На улицах Петрограда кипела жизнь. В его наиболее уязвимых пунктах лихорадочно рылись окопы и ставились проволочные заграждения, в окнах некоторых домов под прикрытием мешков с песком устанавливались пулеметы, и пасхальным звоном звучала для слуха населения все приближавшаяся канонада.
Уличные мальчишки, эти верные показатели общественных настроений в России, пренебрегая опасностью ареста, увидав «буржуя», напевали:
Или:
В один из этих дней, когда возбужденные, опьяненные близким освобождением петроградцы при встречах говорили уже не о пайках, а делились слухами: «Занято Царское»… «Уже в десяти верстах от Петрограда», — ко мне зашел поэт М-ий.
Поделившись со мной последними политическими новостями, он сказал:
— Почему вы перестали устраивать у себя литературные вечера? Вот теперь, например, по случаю «начала конца» коммуны, отчего бы вам не порадовать своих сотрудников такой вечеринкой? Все мы находимся в таких ужасных условиях, что собраться сейчас у вас в обстановке, заставляющей забыть действительность, приятнее чем когда-либо. После будем вспоминать, как оборванные и голодные пировали на вулкане.
— Но ведь осадное положение запрещает всякие сборища и выход на улицу после девяти часов вечера; кто же захочет рисковать арестом накануне освобождения? Никто не явится.
— Все пойдут. Ну, может быть, старики побоятся, а за остальных ручаюсь. Если разрешите, я лично уведомлю всех о назначенном дне.
Мы выработали план вечера, и в первых числах октября, когда погруженный во мрак город притих в ожидании события, театры и другие увеселительные места бездействовали, к восьми часам у меня начали собираться приглашенные. Явилось девятнадцать писателей, четыре ученых и три известных художника.
Из предосторожности окна комнат, в которых происходило собрание, были завешаны не пропускающей света тканью, а приходящие гости входили в квартиру по трем ходам поодиночке.
Настроение собравшихся, убежденных, что коммунизм доживает последние часы, было исключительно приподнятым и воодушевленным, а когда последний из пришедших объявил, что якобы «белые разъезды появились у Нарвских ворот» — даже седовласые профессора помолодели и приняли участие в писании коллективного романа и в состязании экспромтами.

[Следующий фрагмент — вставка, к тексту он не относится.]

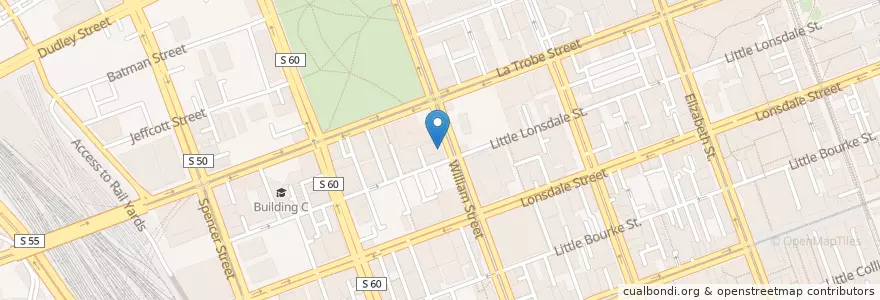Mapa de ubicacion de Melbourne Law Courts Post Shop en Avustralya, Victoria, City Of Melbourne.
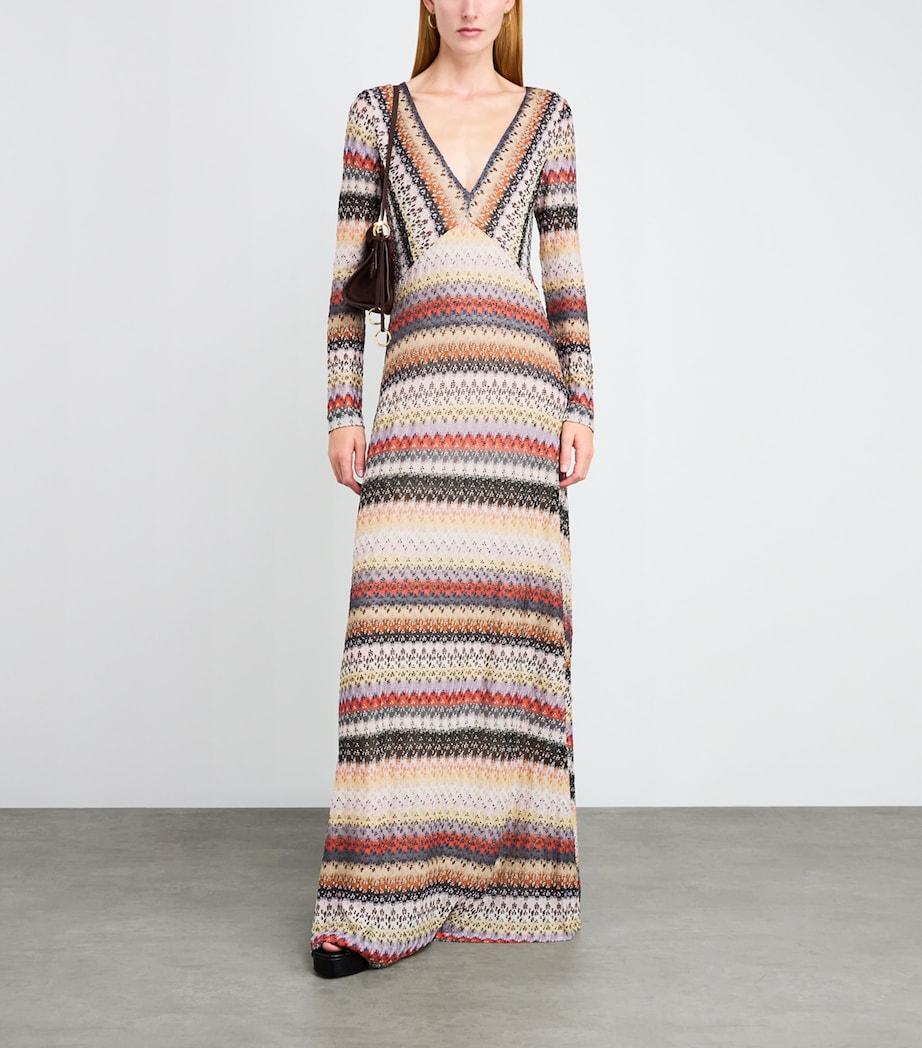 Lamé Maxi Dress SM9R4 BLUE/RED TONES Image 2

Привожу два, наиболее характерные:
К последней строфе сказанного мною экспромта:
Баранцевич добавил:
Да сгинет советская власть!
«Вечер» закончился в девять часов утра, и за отсутствием средств передвижения многим, в том числе престарелому Вас. Ив. Немировичу-Данченко и одному обитавшему на окраине профессору, пришлось после бессонной ночи идти через весь город пешком.

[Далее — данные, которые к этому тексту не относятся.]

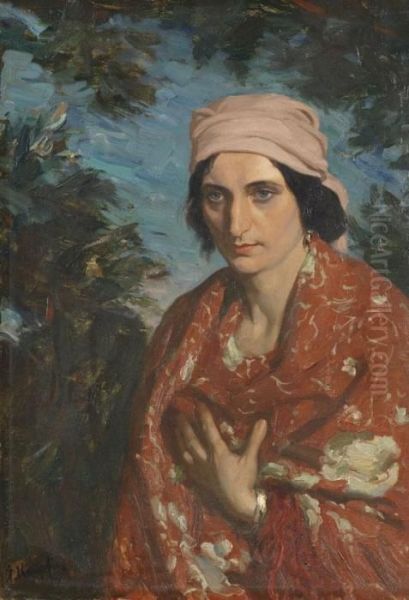 Frau Mit Turban Oil Painting by Arthur Kampf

Спустя сутки разбуженное в четыре часа ночи тревожными гудками путиловского завода население поднялось, подумав, что в город вступают белые.

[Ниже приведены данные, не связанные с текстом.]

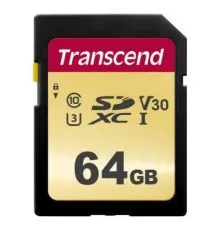 Карта памяти Transcend 64GB SDXC class 10 UHS-I (TS64GSDC500S)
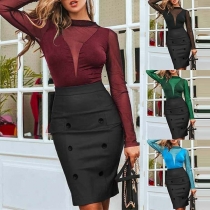 Sexy Gauze Spliced Long Sleeve Mock Neck Slim Fit T-shirt 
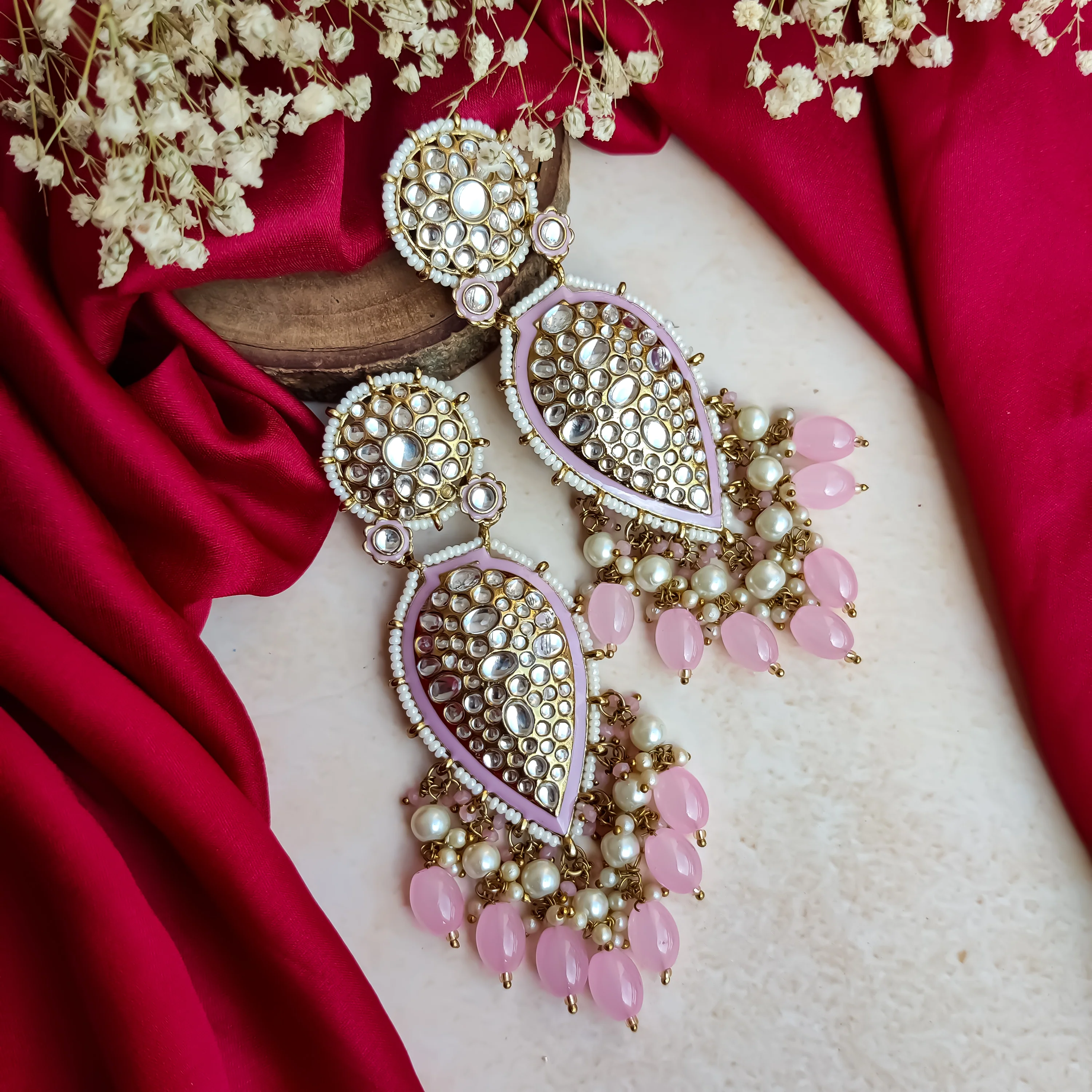 Jannat Pearl Drop Dangler Chandbali Earring - Baby Pink - Image 3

Но это была последняя радость. Началось отступление Юденича от Петрограда и поражение белых армий на Юге России.
Трудно передать то душевное угнетение, которое пришлось пережить после этого нового разочарования.
Ведь как легко было взять Петроград при большевистской разрухе и всемирном содействии населения, указывает даже стремительность продвижения белых. Прибывшие утром по Балтийской линии служащие уже не могли вернуться обратно, ибо к вечеру Стрельна и прилегающие к ней местности были заняты армией Юденича, а сообщение с ними прервано.
Снова потянулась серая, беспросветная жизнь, весь смысл которой сводился к желудочным интересам, когда честолюбие людей было устремлено лишь на умение изыскивать пути к наибольшему получению законных пайков и безответственной краже казенных продуктов; последним, встречаясь, даже кичились друг перед другом: «отымаем свое у грабителей».
Но и в этой засасывающей душу тине беспросветного бытия можно было наблюдать проявления оставшегося безвестным миру героизма.
Когда армия Юденича покинула Царское Село и его заняли красные, они обвинили местное духовенство в сигнализации белым с местных колоколен деяние, за которое обвиняемым грозил немедленный расстрел.
Тогда, рискуя разделить участь священников, к военным, революционным властям явилась бывшая в те дни сестрой милосердия дочь писателя Зарина-Несвицкого (и сейчас находящегося в Царском Селе) и стала доказывать, что сигнализация, в которой обвиняют арестованных священнослужителей, технически невозможна.
— Если вы сумеете опровергнуть мои слова, — сказала эта отважная девушка, — арестуйте тогда и меня как их сообщницу.
Ей удалось уговорить комиссаров отправиться с ней на колокольни и там доказать, что она права.
Священников освободили, а имя их спасительницы, вскоре после этого умершей от сыпного тифа, с тех пор поминается при богослужениях во всех царскосельских храмах.